Krieg der Welten mit umgekehrten Vorzeichen
Ausnahmsweise ist es nicht die Menschheit, die Opfer einer außerirdischen Invasion wird. Im Gegenteil: Der Krieg der Welten wird von einer technologisch weit fortgeschrittenen Menschheit auf Pandora geführt. Auslöser ist die Gier nach Rohstoffen, die auf der heimatlichen Erde längst erschöpft sind.
Auch der gelähmte, ehemalige Soldat Jake Sully (Sam Worthington, „Terminator: Die Erlösung“) wird ins Kampfgeschehen involviert. Er steuert einen Avatar, der den Stamm der feindlichen Na’vi infiltrieren soll. Doch seine Mission wird durch ein unvorhersehbares Ereignis gefährdet: Jake verliebt sich in eine Frau der Na’vi …
Atemberaubender Trailer zu „Avatar“
Bereits der Trailer zu „Avatar“ macht klar, dass James Cameron erneut ein Blockbuster gelungen ist. In High Definition produziert, stellt der „Avatar“-Trailer das derzeitige technische Maximum der Filmindustrie dar. Kein Wunder, dass vielen Zuschauern bereits beim Trailer die Münder offen standen vor Erstaunen. Auch die Teaser weckten bereits vorab helles Interesse an „Avatar“ und dürften einen enormen Kassenerfolg so gut wie garantieren.
Schwieriges Regie-Wunderkind James Cameron
Klar ist auch: James Cameron hat es wieder einmal geschafft! Sein Perfektionismus ist geradezu sprichwörtlich und machte ihn zu einem der am meisten gefürchteten Regisseure der Traumfabrik Hollywoods. Angeblich trugen am Set von „Terminator 2 – Tag der Abrechnung“ Mitglieder der Crew T-Shirts mit der Aufschrift: „Terminator 3? Ohne mich!“. Ob wahr oder nicht: Immerhin schaffte es das Regie-Wunderkind James Cameron ein ums andere Mal, den Zuschauer in Erstaunen zu versetzen.
Camerons Weg von „Terminator“ zu „Avatar“
Dabei hatte nach seinem Debütfilm „Piranha 2 – Fliegende Killer“ nichts auf eine große Karriere hingedeutet. Der Streifen entpuppte sich in jeglicher Hinsicht als Desaster, was vor allem an den ständigen Einmischungen des Produzenten lag. Für Cameron dennoch eine wertvolle Erfahrung: Ab diesem Zeitpunkt nahm er bei seinen Filmen alle Zügel selbst in die Hand.
1984 öffnete ihm „Terminator“ die Tür zu Hollywood, während der enorme Erfolg von „Terminator 2 – Tag der Abrechnung“ freien Zugang zu den Geldbörsen der Filmstudios bedeutete. Abgesehen von Steven Spielberg hätte wohl kein anderer Regisseur ein dermaßen gigantisches Budget anvertraut bekommen, wie es für die Produktion von „Titanic“ nötig war. Der Rest ist in mehrfacher Hinsicht Kinogeschichte: Bis heute ist „Titanic“ der kommerziell erfolgreichste Film aller Zeiten und machte Kate Winslet sowie Leonardo DiCaprio über Nacht zu Superstars.

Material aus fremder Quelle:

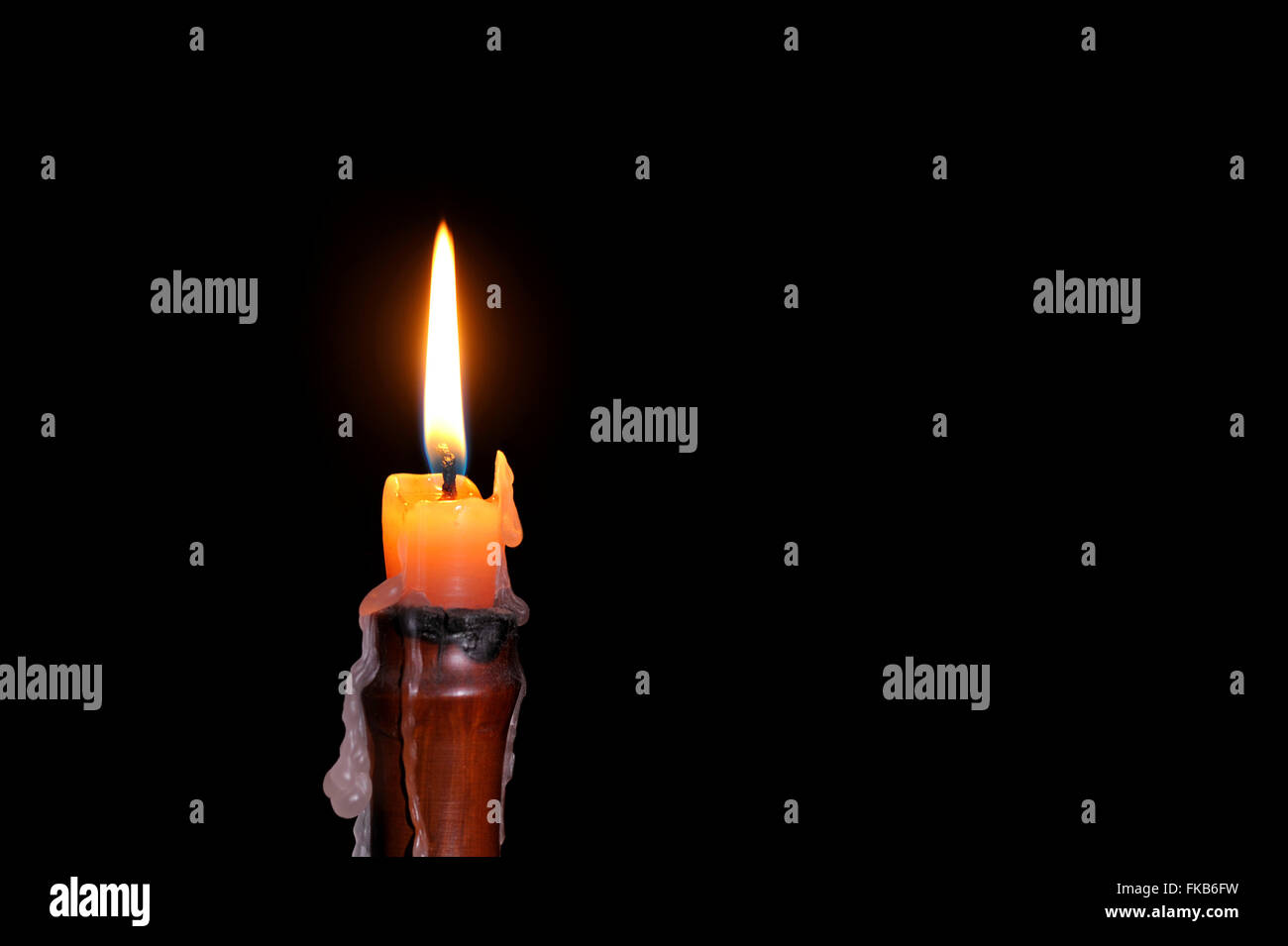 Single wax candle flame burning in darkness Stock Photo Alamy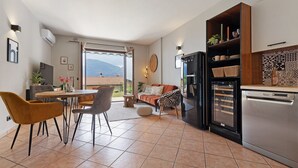 A modern kitchen with a dining area, a sofa, and a view of the outdoors. - Holiday Home 'Casa Di Tino' with Lake View, Wi-Fi and Air Conditioning (Brenzone sul Garda)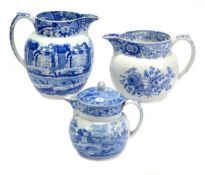 Three Spode blue and white printed pottery Dutch jugs including a covered example, the largest 18.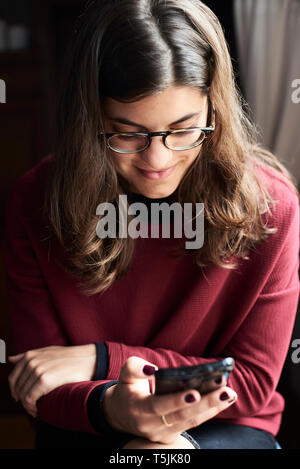 Sorridente giovane donna guardando al telefono cellulare Foto Stock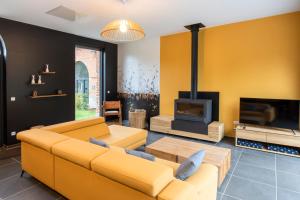 a living room with yellow furniture and a fireplace at Aux Petits Lapins de Sorval, sauna privé, fitness in Selvigny +34 photos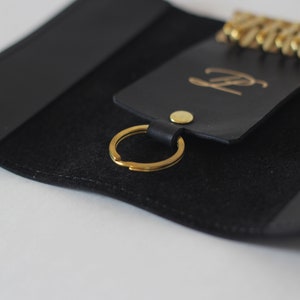May include: Black leather key holder with a gold key ring and a gold metal button. The key holder has a gold embossed letter "P" on the front.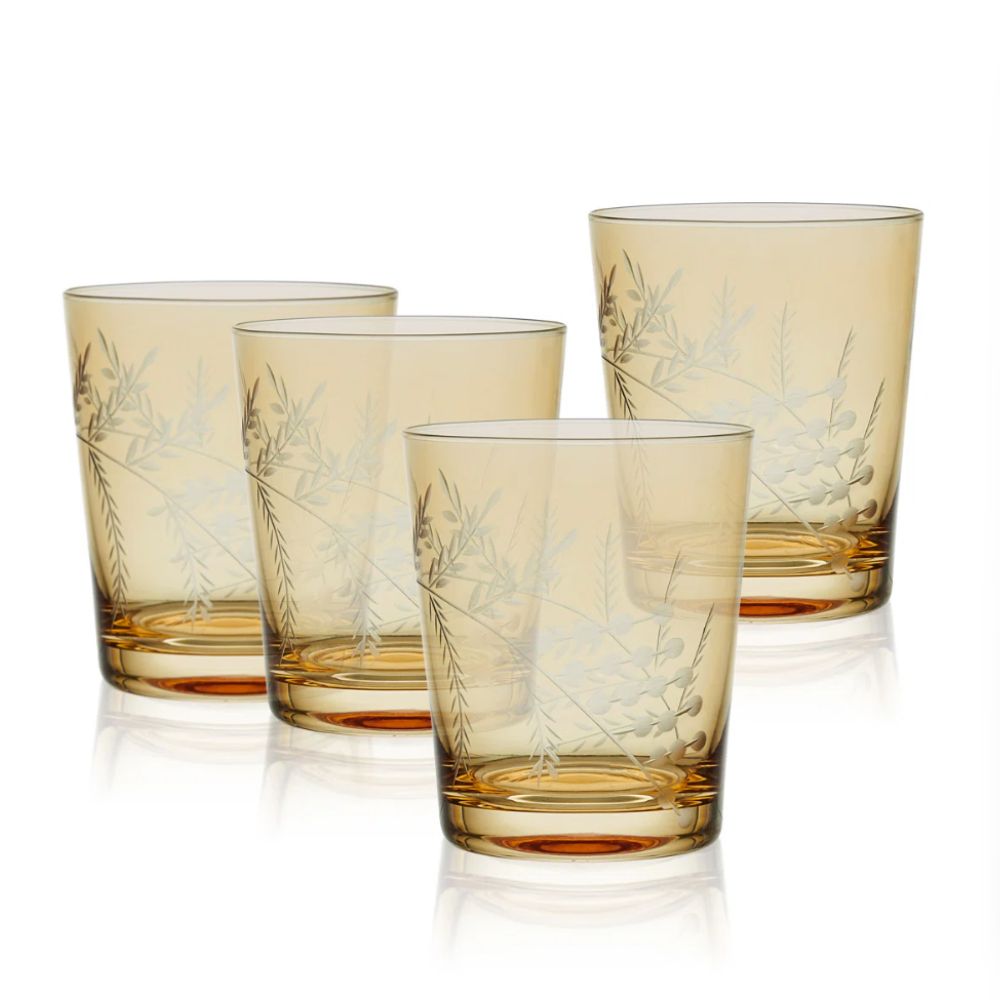 Four amber colored drinking glasses wth etched pattern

Dank „Avatar“ ist der „King of the world“ zurück am Filmthron
Legendär ist auch James Camerons Jubel in der Oscar-Nacht 1998: „I'm the king of the world!“, jubelte der mittlerweile zum fünften Mal verheiratete Kanadier. In jener Nacht war er der König der Filmwelt: 11 Oscars für „Titanic“ waren der Lohn seiner von der Kritik oft geflissentlich übersehenen Mühen.
Danach zog sich Cameron zurück, widmete sich kleineren Projekten und die letzten Jahre über der Produktion von „Avatar“. Auch wenn er nie ganz weg war: Mit „Avatar“ feiert der „King of the world“ ein grandioses Comeback!